Cyrus Andre DSouza


2026

High-quality search is essential for the success of online platforms, spanning e-commerce, social media, shopping-focused applications, and broader search systems such as content discovery and enterprise web search. To ensure optimal user experience and drive business growth, continuous evaluation and improvement of search systems is crucial. This paper introduces PROBES, a novel multi-task system powered by Large Language Models (LLMs) designed for end-to-end evaluation of semantic search systems. PROBES identifies context-aware relevance using a fine-grained scale (exact, substitute, complement, irrelevant) by leveraging the query category, feature-level intent, and category-aware feature importance, enabling more precise and consistent judgments than relying solely on raw query text. This allows PROBES to provide differentiated relevance assessment across a diverse range of query categories. PROBES then dives deeper to understand the reason behind irrelevant results (Precision issues) by checking product content conflicts and inaccuracies. It also analyzes Missed Recall by leveraging retrieval and relevance models to determine whether a missed recall was due to a selection issue or a ranking/retrieval system issue. To evaluate PROBES, we introduce a new metric, the Actionable Error Rate (AER), defined as the proportion of actionable errors over all flagged errors. We observe that PROBES operates at an AER of 76%, generating actionable insights across 100 product categories.

2025

High-quality content is critical for driving customer satisfaction and conversions across digital platforms and e-commerce. Ensuring that essential information is complete, accurate, and aligned with customer expectations presents a significant challenge at scale. Existing approaches to content evaluation often treat all information uniformly, without prioritizing based on customer relevance, and rely heavily on manual prompt design to encode domain expertise into Large Language Models (LLMs).
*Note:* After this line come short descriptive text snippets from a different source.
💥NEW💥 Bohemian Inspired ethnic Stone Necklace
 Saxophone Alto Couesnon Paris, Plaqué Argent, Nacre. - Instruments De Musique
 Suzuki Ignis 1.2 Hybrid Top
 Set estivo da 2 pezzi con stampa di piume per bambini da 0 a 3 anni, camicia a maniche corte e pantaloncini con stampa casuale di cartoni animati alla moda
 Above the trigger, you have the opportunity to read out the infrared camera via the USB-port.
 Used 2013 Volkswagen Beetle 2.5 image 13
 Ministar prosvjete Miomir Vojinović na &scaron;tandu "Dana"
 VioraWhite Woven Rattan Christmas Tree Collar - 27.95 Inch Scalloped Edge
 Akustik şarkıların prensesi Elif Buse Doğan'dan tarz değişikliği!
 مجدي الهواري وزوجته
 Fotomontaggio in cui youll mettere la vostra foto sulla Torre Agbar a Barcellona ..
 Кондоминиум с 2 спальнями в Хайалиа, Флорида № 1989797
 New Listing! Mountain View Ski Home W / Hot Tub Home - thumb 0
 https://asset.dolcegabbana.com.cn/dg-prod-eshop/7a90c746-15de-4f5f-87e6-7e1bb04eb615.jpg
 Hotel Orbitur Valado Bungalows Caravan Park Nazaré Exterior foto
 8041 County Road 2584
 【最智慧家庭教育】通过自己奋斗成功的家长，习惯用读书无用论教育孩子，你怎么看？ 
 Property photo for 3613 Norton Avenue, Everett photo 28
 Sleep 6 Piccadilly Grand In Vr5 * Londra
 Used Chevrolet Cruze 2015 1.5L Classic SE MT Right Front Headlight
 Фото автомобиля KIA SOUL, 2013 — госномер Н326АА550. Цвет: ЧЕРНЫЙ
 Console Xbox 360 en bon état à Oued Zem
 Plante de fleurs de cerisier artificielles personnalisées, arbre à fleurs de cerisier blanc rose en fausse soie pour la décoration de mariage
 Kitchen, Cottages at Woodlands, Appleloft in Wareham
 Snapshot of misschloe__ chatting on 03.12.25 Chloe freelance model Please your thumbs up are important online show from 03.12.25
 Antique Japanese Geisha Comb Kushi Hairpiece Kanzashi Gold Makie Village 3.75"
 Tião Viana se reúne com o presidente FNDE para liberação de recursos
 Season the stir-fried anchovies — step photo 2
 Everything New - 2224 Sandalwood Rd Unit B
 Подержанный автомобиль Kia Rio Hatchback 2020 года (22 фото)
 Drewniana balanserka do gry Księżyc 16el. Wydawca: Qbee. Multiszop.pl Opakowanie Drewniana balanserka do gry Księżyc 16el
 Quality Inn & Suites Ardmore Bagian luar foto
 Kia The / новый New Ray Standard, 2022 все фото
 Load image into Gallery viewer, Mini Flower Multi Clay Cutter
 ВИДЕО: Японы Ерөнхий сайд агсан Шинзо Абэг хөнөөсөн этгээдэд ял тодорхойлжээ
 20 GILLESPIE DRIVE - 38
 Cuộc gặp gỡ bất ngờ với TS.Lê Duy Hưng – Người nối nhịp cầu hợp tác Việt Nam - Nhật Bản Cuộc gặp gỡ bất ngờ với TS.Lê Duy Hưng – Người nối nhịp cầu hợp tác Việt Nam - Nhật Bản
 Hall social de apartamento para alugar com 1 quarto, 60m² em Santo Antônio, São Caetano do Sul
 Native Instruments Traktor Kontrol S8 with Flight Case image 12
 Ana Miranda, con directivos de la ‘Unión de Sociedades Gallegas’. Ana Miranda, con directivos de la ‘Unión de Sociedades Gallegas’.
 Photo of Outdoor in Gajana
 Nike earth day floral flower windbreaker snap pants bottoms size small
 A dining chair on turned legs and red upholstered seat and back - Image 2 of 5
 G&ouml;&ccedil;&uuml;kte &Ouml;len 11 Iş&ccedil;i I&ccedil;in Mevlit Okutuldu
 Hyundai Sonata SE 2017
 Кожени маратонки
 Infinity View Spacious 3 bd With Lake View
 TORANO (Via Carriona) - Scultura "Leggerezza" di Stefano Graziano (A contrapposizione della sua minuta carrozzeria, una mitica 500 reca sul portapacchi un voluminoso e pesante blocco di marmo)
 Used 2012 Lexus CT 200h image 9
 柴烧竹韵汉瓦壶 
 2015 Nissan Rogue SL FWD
We present ISEE, a unified framework that addresses these limitations through three core innovations: (1) automated identification of customer-impacting features by synthesizing signals from search behavior, queries, and feedback, enabling targeted content improvements; (2) an instruction-tuned multimodal LLM trained to reliably follow structured operational guidelines, reducing dependence on manual prompt engineering; and (3) robust zero-shot generalization to new product content, features and SOPs via targeted instruction tuning. Evaluated across 20 product categories and 150 product specific features, ISEE achieves 90% precision at 78% recall in detecting content inconsistencies, outperforming much larger (> 200B parameters) models while using a compact 12B architecture.